Every so often a young female vocalist comes along and seduces us with her allure, facilitated by a soothing sultry sound of a siren. In this new era of musical intonation, Arum Rae Valkonen mesmerizes us with her ability to entrance us under a deep spell of meteoric proportions. Fluctuating melodies elevate the listener to Heaven, then plummet, mystify, and ultimately vanquish the unsuspecting floating fan as he falls to the depths of No Solid State. Invigorated by a nordic strength in her bloodline, yet matched by the tenderness in her name (which means Water Lily in Latin): revolutionary passion to explore endless ranges of sound prevails. Arum accomplishes a wider range of sound and feel with a bare cast of personnel. Whether a solo act, two-piece, or full band, Rae melts the room with sonorous lava, leaving no soul untapped, no heart untouched.

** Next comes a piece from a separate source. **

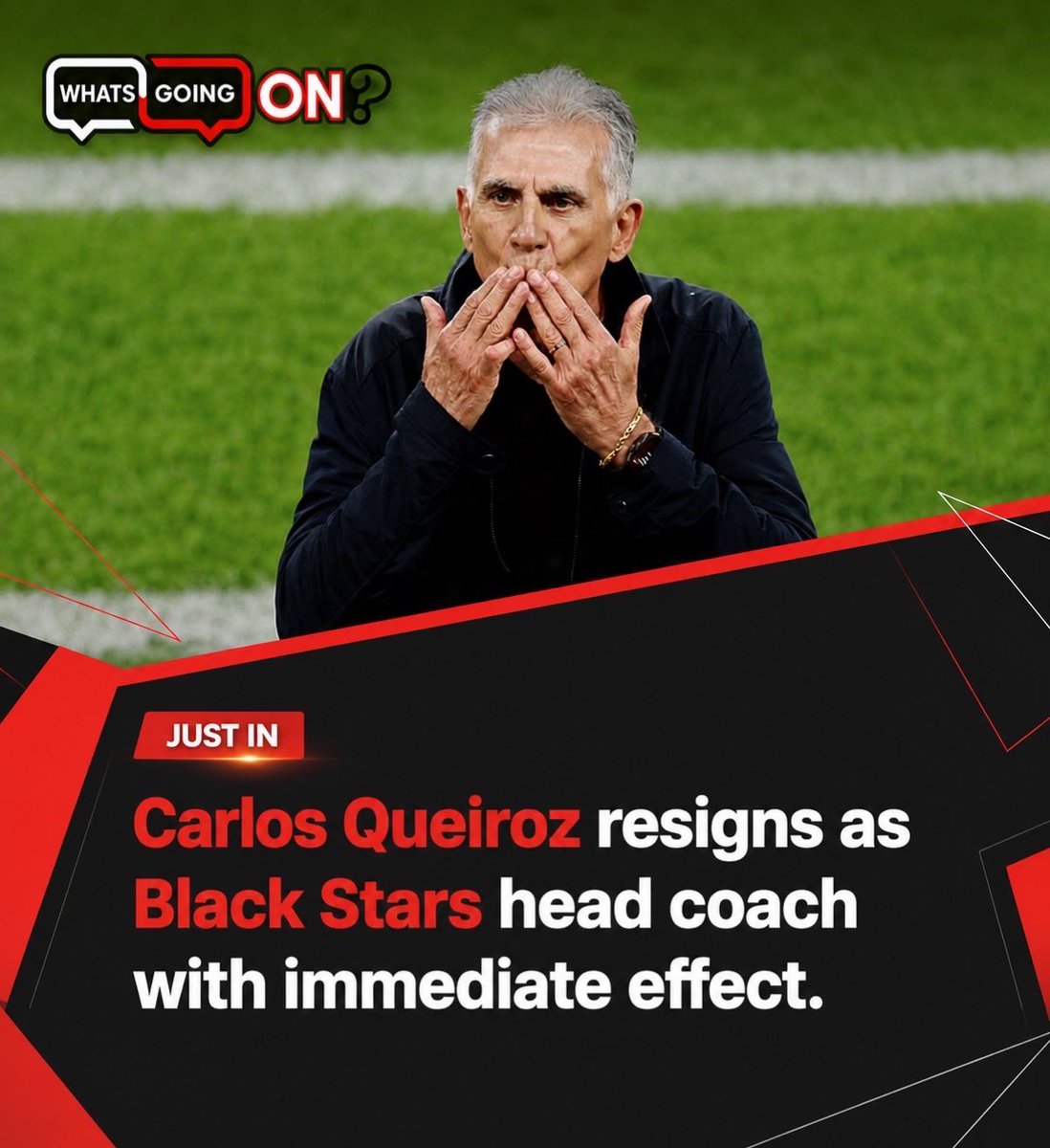 WGO247's tweet photo. 🚨 JUST IN: Carlos Queiroz has resigned as Black Stars head coach with immediate effect.

The unexpected decision marks the end of his tenure and raises fresh questions about the future of Ghana’s national team as preparations continue for upcoming international fixt #trendingnow https://t.co/13DfTXuOGX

Born and raised in Colorado Springs, CO by her mother and older brother, Arum now considers Virginia home, though in spirit she truly inhabits the wind. A deep sense of empathy and appreciation of Native American culture arouse her grounded sense of survival in the moment—a profound experience to witness. Rae began singing at the age of 4, in private school. Most notably, her maturity draws from a kaleidoscopic exposure to polarizing perspectives of morality from the stark dichotomy of a religously-conservative father, dramatically tempered by a stepfather who owned an outlet serving the obscene interests of the prurient public, otherwise known as a porn shop. Over the years, she’s lyrically drawn inspiration from everyone ranging from Bob Dylan to Jay-Z, while her singing reflects the resurrected soulful warmth of her predecessors. In her own way, she’s drawn from a lifetime of perspicacity, projecting a zeal and celestial fuel from the fires of faith and trepidation. Songs like Wearing Red conjure a subtle complexity, revealing at once a deeper insight into Rae’s fervent mischief, while also symbolizing her life force.

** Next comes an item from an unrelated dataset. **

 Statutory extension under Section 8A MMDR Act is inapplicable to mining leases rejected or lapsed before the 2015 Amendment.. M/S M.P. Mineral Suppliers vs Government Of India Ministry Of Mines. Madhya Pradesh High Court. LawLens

Thus far, Arum has consistently enjoyed resounding feedback from fans throughout the country: a pattern of reciprocation and emotional gratitude at each and every performance. Perpetually challenging herself, she has reinvented an evolving career on her own shoulders entirely. Armed with education, she has aptly applied herself as needed. Now, she’s able and willing to concoct a soul & dance revival, which delicately plays all over the full sonic spectrum.

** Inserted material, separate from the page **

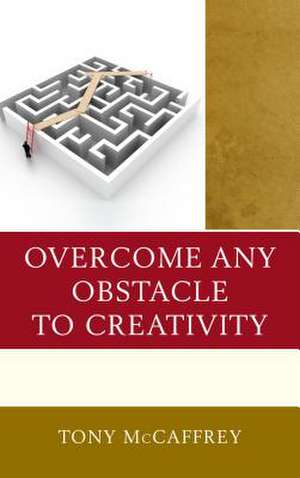 OVERCOME ANY OBSTACLE TO CREATCB de Tony McCaffrey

Rae has worked with everyone from the Black Keys, Peter Bjorn & John, Gary Clark Jr., and The Civil Wars, but she is now primed to take command of her own destiny. As the writer from Daytrotter Live so succinctly states about Rae, “this is the scene of the mental bloodbath. She wins. Rae sings, "He doesn't want me/He's just in it for the kill," cutting a line that smokes out of the speaker, along with the kind of kick ass garage-rock blues that Jack White would drop a jaw around." As an optimist at heart, she nonetheless feels empowered and mobilized by the gravity of the dark side, through which she’s not only persevered, but, more importantly, serves as a vessel of what we’ve all endured in this condition called LIFE.